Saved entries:

== Segment start ==

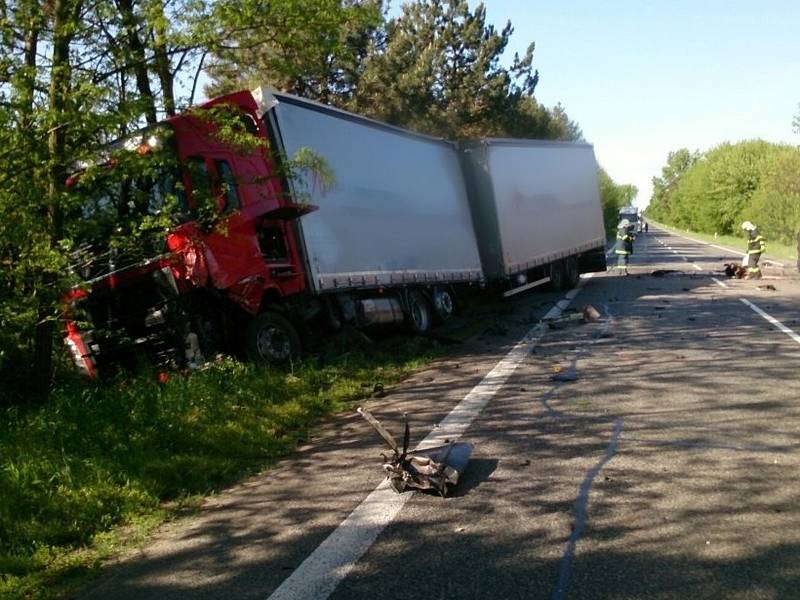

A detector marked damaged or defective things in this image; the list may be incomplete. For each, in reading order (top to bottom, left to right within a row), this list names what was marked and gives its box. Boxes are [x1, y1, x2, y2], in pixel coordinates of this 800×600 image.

crashed truck cab [61, 90, 316, 376]
bent metal piece [358, 408, 476, 496]
broken vehicle part [358, 408, 476, 496]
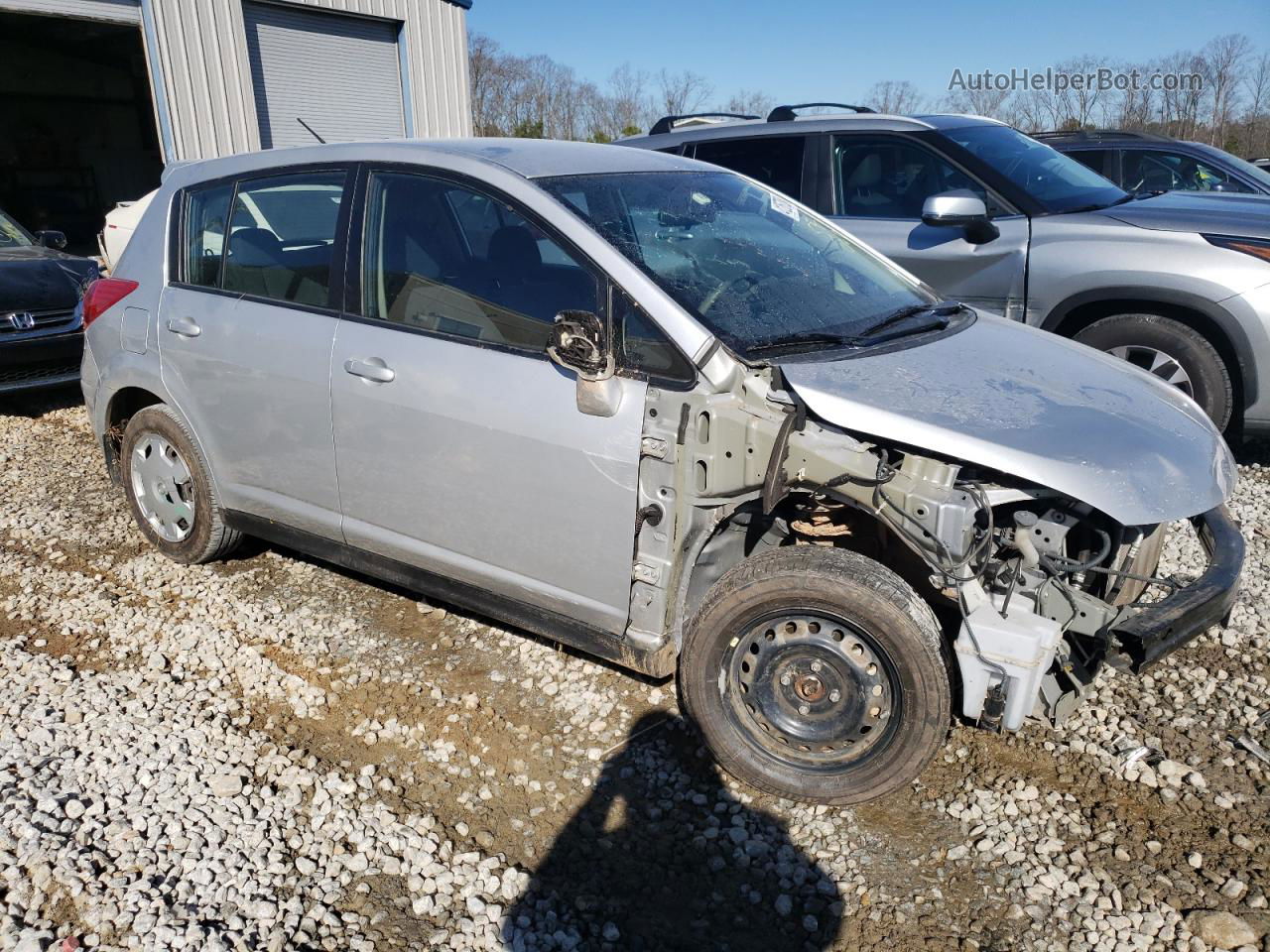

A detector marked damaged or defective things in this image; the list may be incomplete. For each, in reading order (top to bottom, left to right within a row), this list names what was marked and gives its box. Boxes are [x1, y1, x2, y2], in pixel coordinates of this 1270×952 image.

broken side mirror [924, 191, 1000, 246]
broken side mirror [546, 310, 624, 418]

== Segment end ==

**THE TASK**. Without copying any picture, repeat all of the entries exactly.

**TASK RESPONSE**.
A detector marked damaged or defective things in this image; the list may be incomplete. For each, in reading order (top to bottom, left to right within a row), this list names what was marked and gives its box. Boxes are [x1, y1, x2, y2], in pixel coordinates of this 800×600 image.

crashed truck cab [61, 90, 316, 376]
bent metal piece [358, 408, 476, 496]
broken vehicle part [358, 408, 476, 496]

A detector marked damaged or defective things in this image; the list may be incomplete. For each, in reading order (top to bottom, left to right within a row), this list names what was marked and gives its box. Boxes are [x1, y1, x2, y2], in pixel coordinates of this 1270×952 image.

broken side mirror [924, 191, 1000, 246]
broken side mirror [546, 310, 624, 418]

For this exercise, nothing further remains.